** AVAILABLE DATA follows **

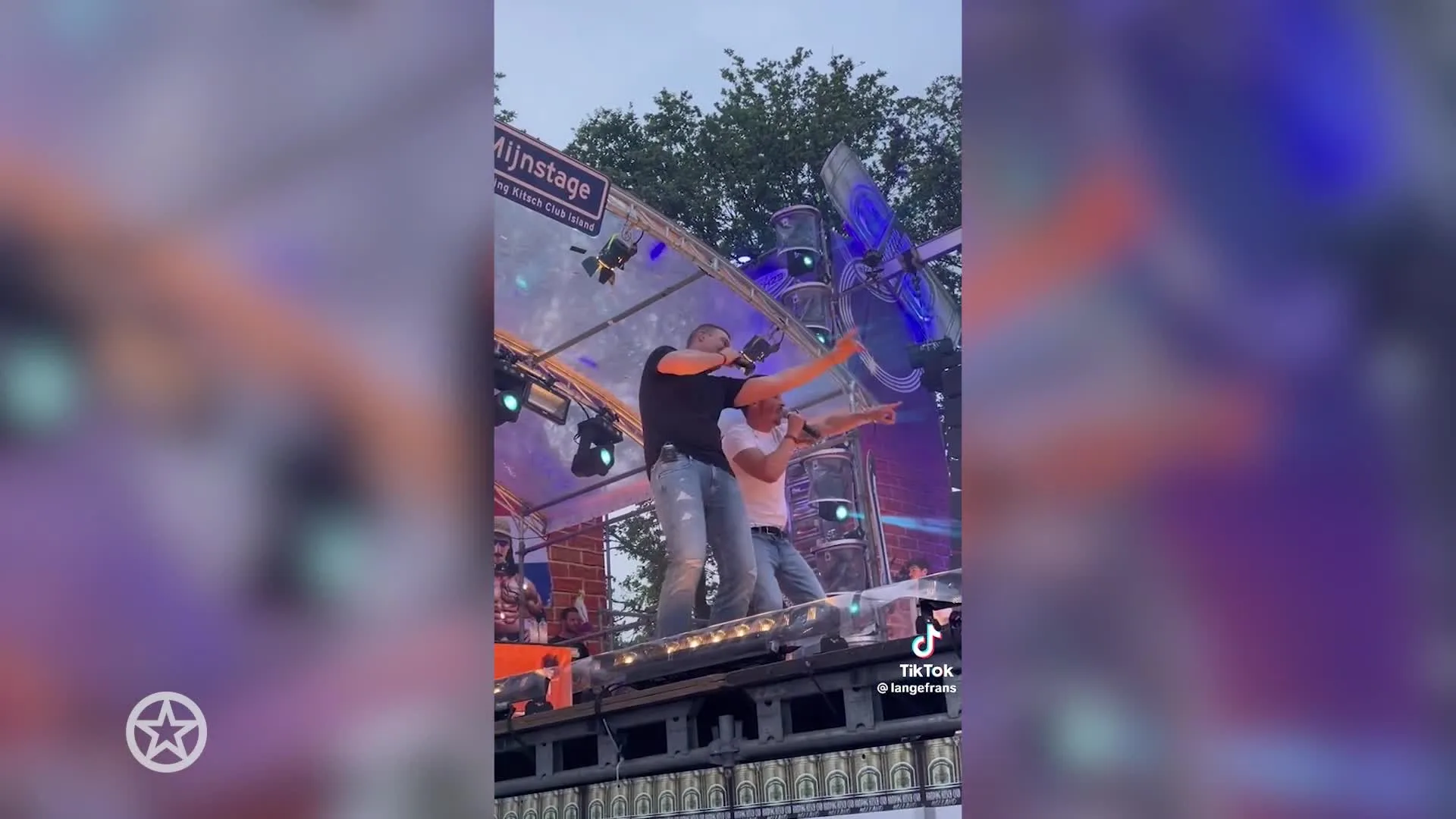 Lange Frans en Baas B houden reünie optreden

** End of AVAILABLE DATA **
** AVAILABLE DATA follows **

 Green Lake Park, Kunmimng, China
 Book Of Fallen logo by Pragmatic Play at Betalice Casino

** End of AVAILABLE DATA **
** AVAILABLE DATA follows **

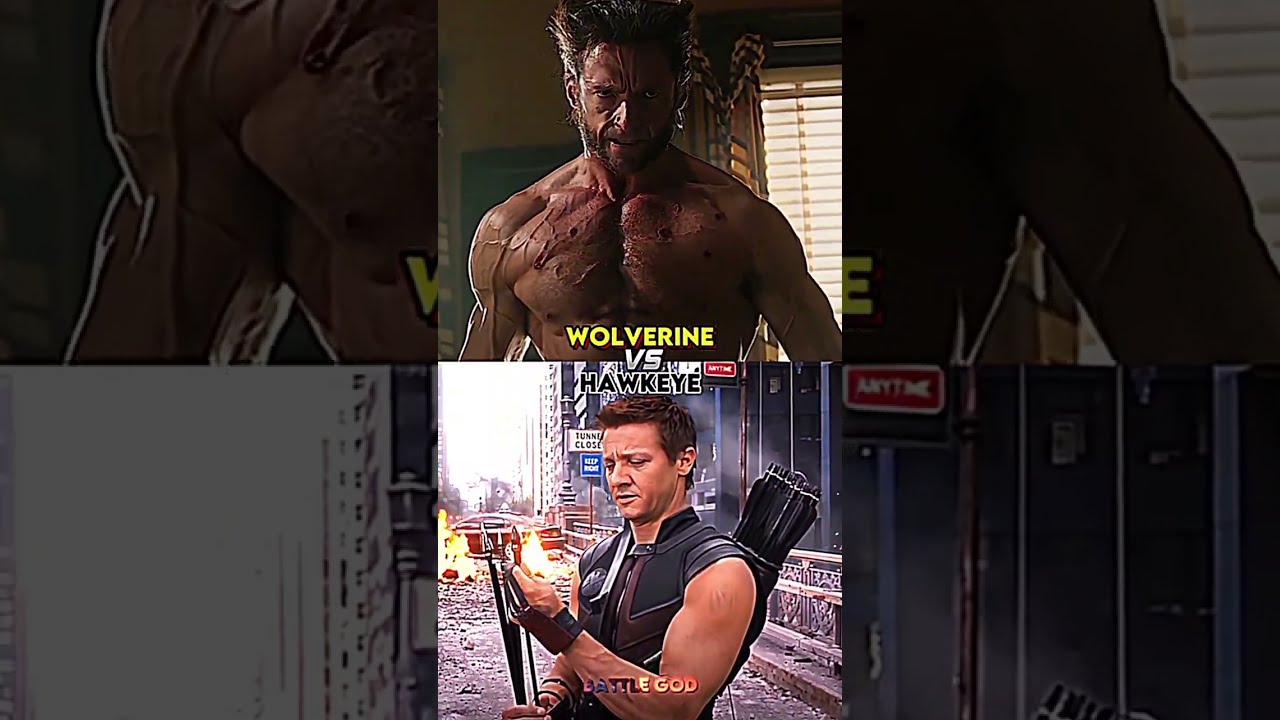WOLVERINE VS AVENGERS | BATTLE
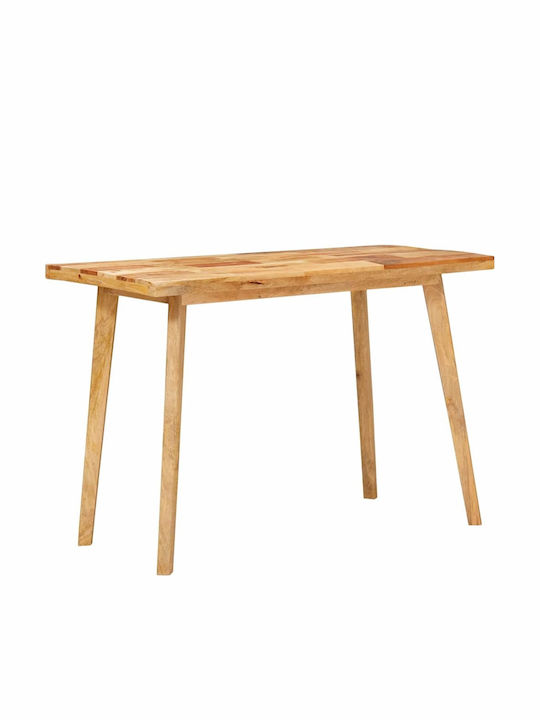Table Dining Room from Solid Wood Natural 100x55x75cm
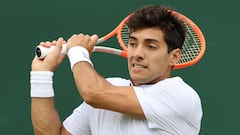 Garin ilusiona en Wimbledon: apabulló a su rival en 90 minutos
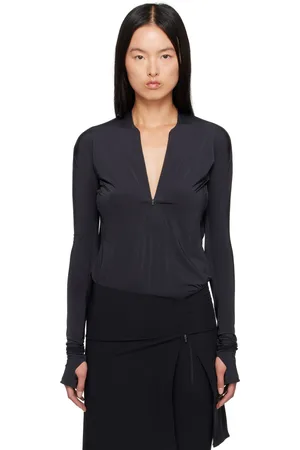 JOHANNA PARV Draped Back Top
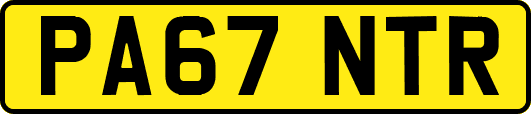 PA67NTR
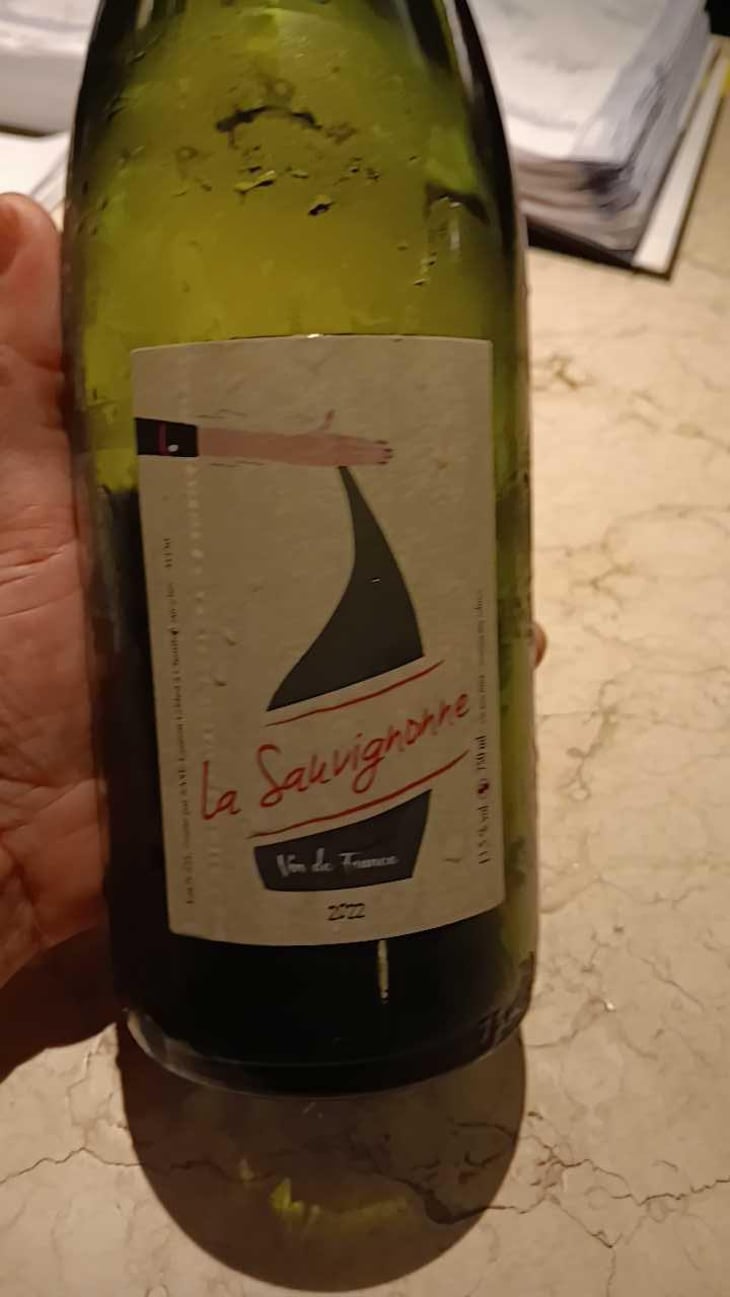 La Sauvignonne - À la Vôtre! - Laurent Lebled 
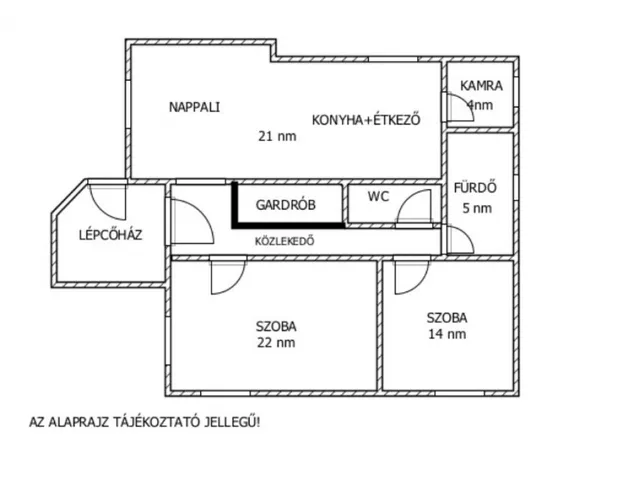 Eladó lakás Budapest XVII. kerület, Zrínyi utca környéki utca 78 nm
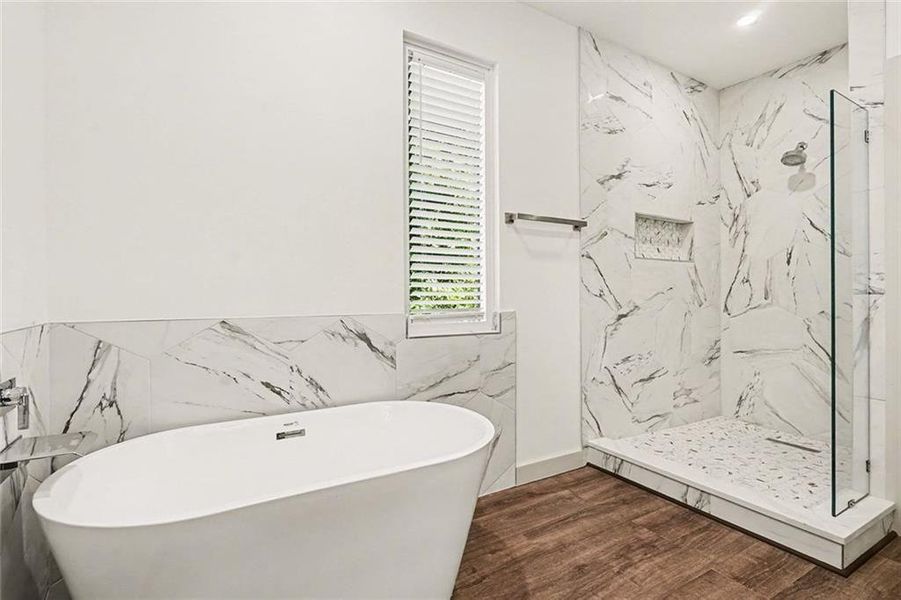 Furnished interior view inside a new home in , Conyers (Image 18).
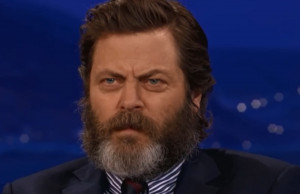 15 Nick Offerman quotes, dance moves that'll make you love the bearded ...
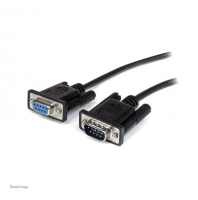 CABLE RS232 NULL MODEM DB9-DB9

** End of AVAILABLE DATA **

_DIRECTIONS_. Could the stretch from the line with "15 Nick Offerman" through the line with "CABLE RS232 NULL MODEM DB9-DB9" in the listing above be restated word for word, minus the pictures?

_ANSWER FOR THE TASK_.
 15 Nick Offerman quotes, dance moves that'll make you love the bearded ...
 CABLE RS232 NULL MODEM DB9-DB9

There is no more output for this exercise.